There is not much more time for the town to find new facilities for the police department and town court, Rendo said.
“We continue to explore our options,” she said. The town should seek an interim solution for housing the police department and town court to give it time to seek a long-term plan for permanent locations for both, she said.
“We’re limited in properties in town,” Giardina said, adding it would take between two and three years for the town to do the planning and receive approvals to build a new courthouse and police department.
The police department is currently located in trailers on the former school property.
Giardina and Rendo said their priority if elected would be to create a long-term capital projects plan.
“The supervisor kind of leaves us in the dark,” Rendo said. “You don’t know things until the last minute.”
Supervisor responds
Gonçalves this week responded to the comments made by Giardina and Rendo at their press conference.
“No one was kept in the dark,” Gonçalves said.
The town has multiple agreements with the school district and three of them were discussed at the July 8, 2024, town board meeting, he said. “Missing from that was the renewal of the office lease agreement, it was discussed in that meeting that the district was considering a merger of the office lease agreement and these other three agreements into one single blanket agreement,” Gonçalves said.
Confirmation the lease for the former school was not going to be renewed came later in 2024, Gonçalves said, adding the former superintendent of schools said earlier in the year there was no decision on what to do with the building.

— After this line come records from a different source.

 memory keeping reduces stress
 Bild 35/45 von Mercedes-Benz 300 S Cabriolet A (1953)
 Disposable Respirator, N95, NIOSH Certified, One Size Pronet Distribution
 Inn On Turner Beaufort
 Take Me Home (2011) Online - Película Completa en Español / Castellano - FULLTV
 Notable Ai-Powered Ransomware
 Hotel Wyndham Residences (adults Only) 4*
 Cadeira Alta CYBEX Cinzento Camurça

“I am in agreement that to renovate the existing building would be costly,” he said. The town is looking at options for space for its employees that are fiscally responsible, he said.

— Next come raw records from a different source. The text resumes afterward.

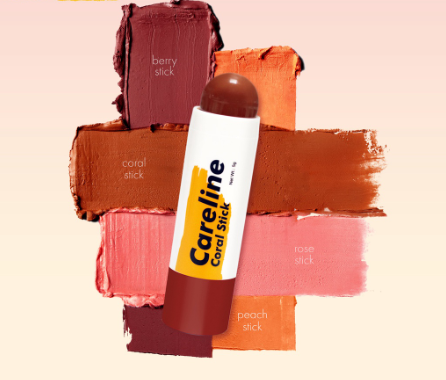 Careline Multi-Stick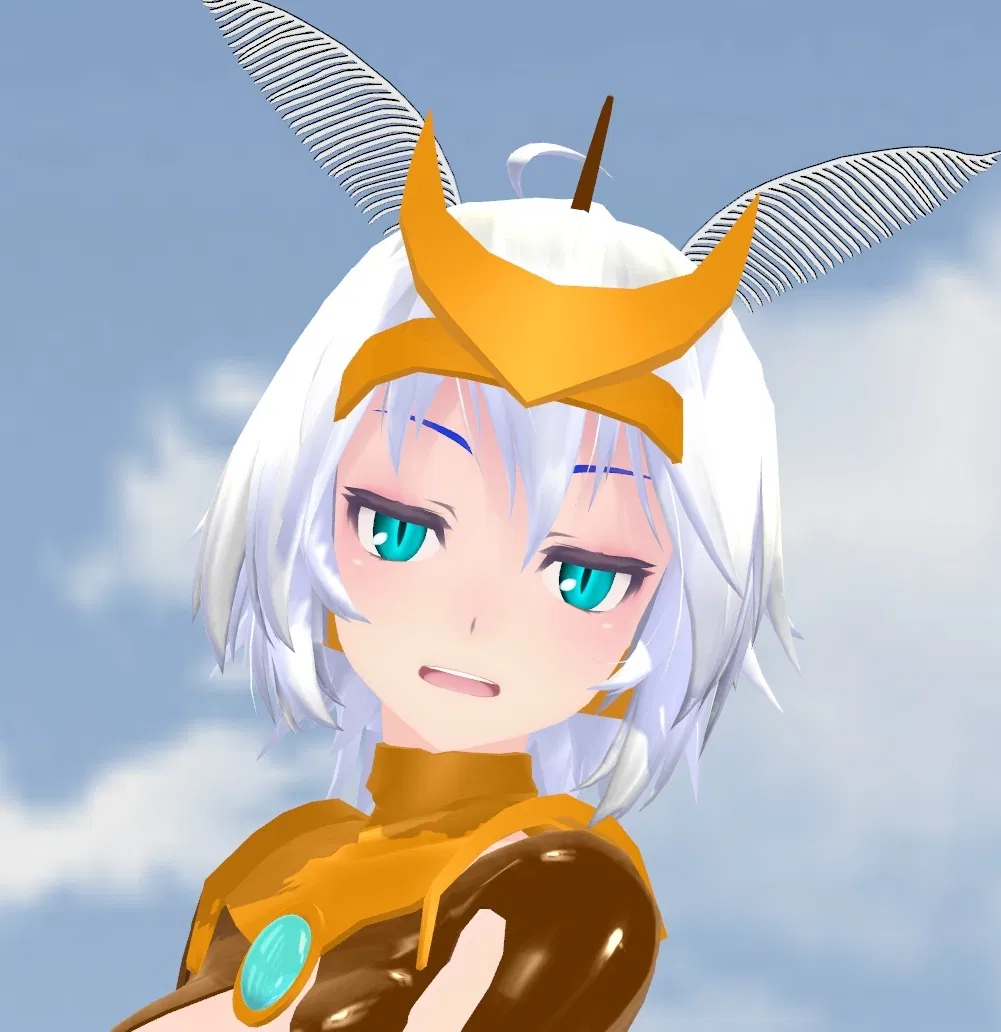 Avatar of Ultrawoman mothra
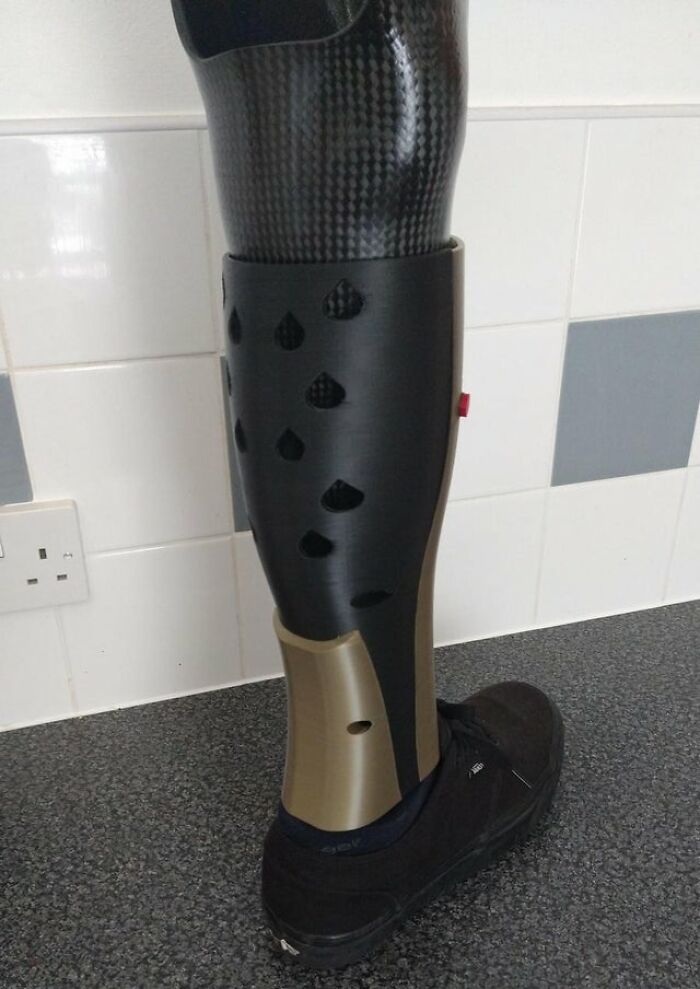 These People Online Are Making Their Ideas Come To Life By Printing Them With A 3D Printer (30 Creations) These People Online Are Making Their Ideas Come To Life By Printing Them With A 3D Printer (30 Creations)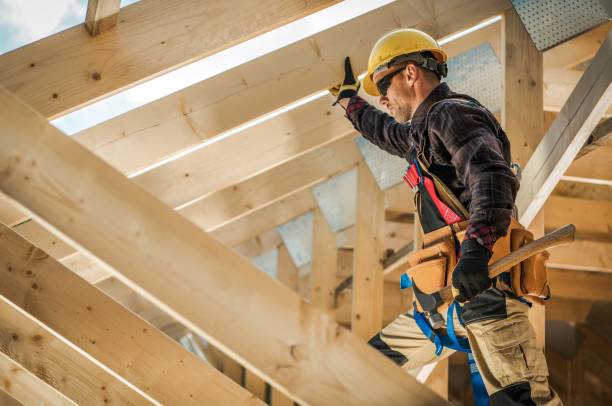 Best Tile Roofing Contractor  in Laguna Vista, TX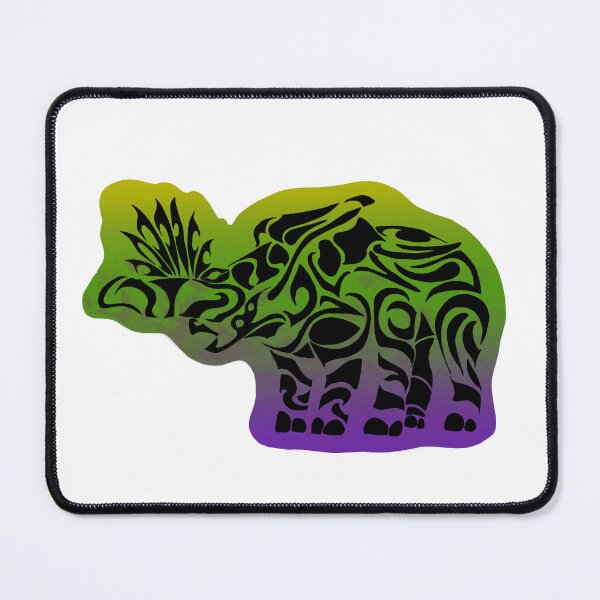 Item preview, Hammerhead Titan Black designed and sold by Artsydragongal.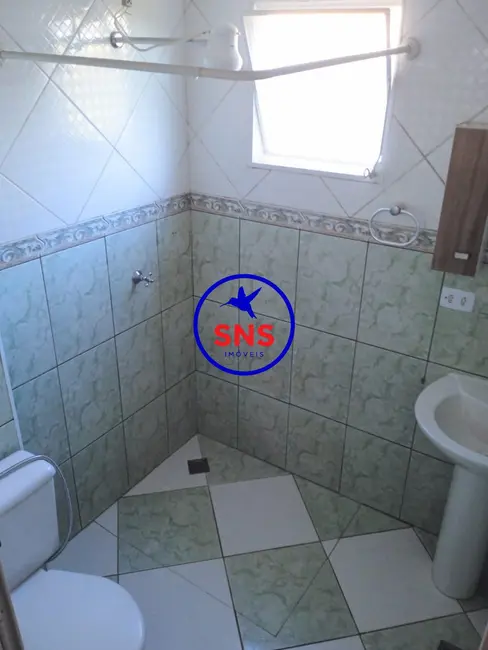 Apartamento com 2 quartos à venda, 49m2 em Vila Industrial, Campinas - SP - imagem 9 Foto 9 de Apartamento com 2 quartos à venda, 49m2 em Vila Industrial, Campinas - SP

Gonçalves said an option could be to use the town house for the police department and create an extension that could be used by the town court and possible space for a community and senior center.
Another option is to have the police work out of the state police’s Spring Street location, Gonçalves said.

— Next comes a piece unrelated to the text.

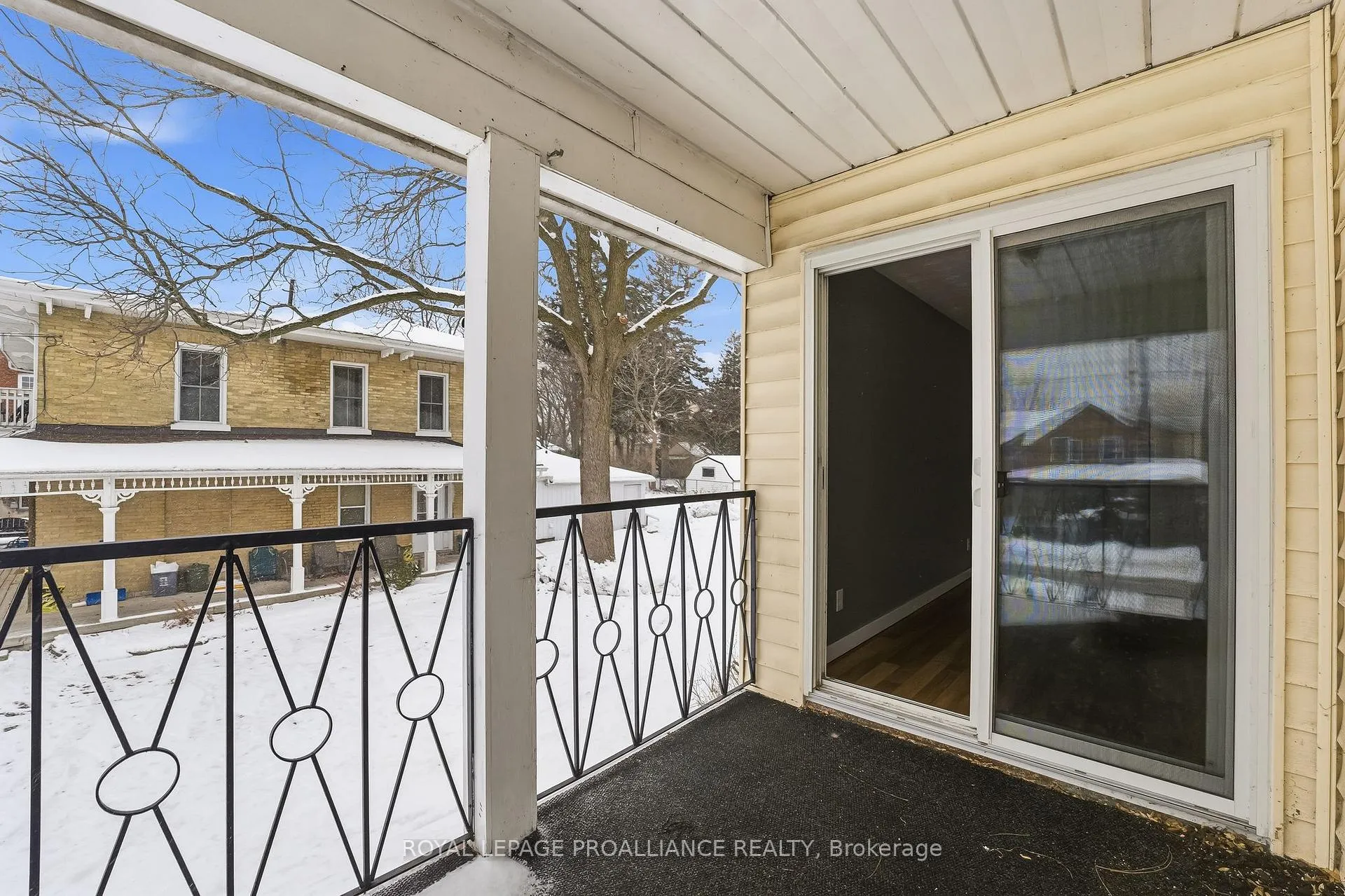 Photo 15 of Unit B, 32 James Street, Cobourg — HOMEH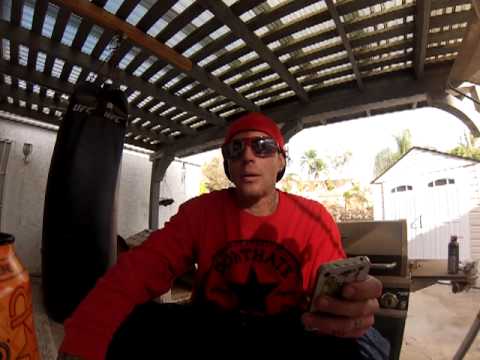 Johnny Richter Talks About New Album FreeKING Out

“The police chief has also looked at temporary mobile structures, which if needed can be used as a short-term solution,” he said.
Extending the month-to-month lease arrangement past the end of the year is being discussed with the school district, Gonçalves said.
As for the Route 35 building the town recently bought, the closing is expected to be completed in mid-July and the town will consider moving the town offices, including those currently located at the town house to the office building, Gonçalves said.
In response to criticisms about how the Democratic majority on the town board has handled the situation at the former elementary school, Gonçalves said, “I am not politicizing this but since you ask, prior to having a Democratic majority, the town entered into a rental agreement at Orchard Square shopping center in Cross River and then the school district. Additionally, there were multiple design attempts at a central campus but nothing came out of that. The school building, if conveyed to the town, would have offered a blank slate that would allow us to turn it into a town campus, and this was an idea I was pursuing but the school district decided they wanted to keep that parcel.”
“For at least 12-plus years or so the taxpayer has been paying rent, and this is money out the window,” Gonçalves said. “There was even a suggestion by a couple of board members that maybe we should continue renting at yet another Cross River building. This would have required significant costly renovations. I and the majority did not believe that continuing to rent is the fiscally responsible way to continue, to fill a gap for a short term, yes, but not for years.”
Messages left this week for Shah, Hadlock and Katonah-Lewisboro Superintendent of Schools Ray Blanch this week were not returned.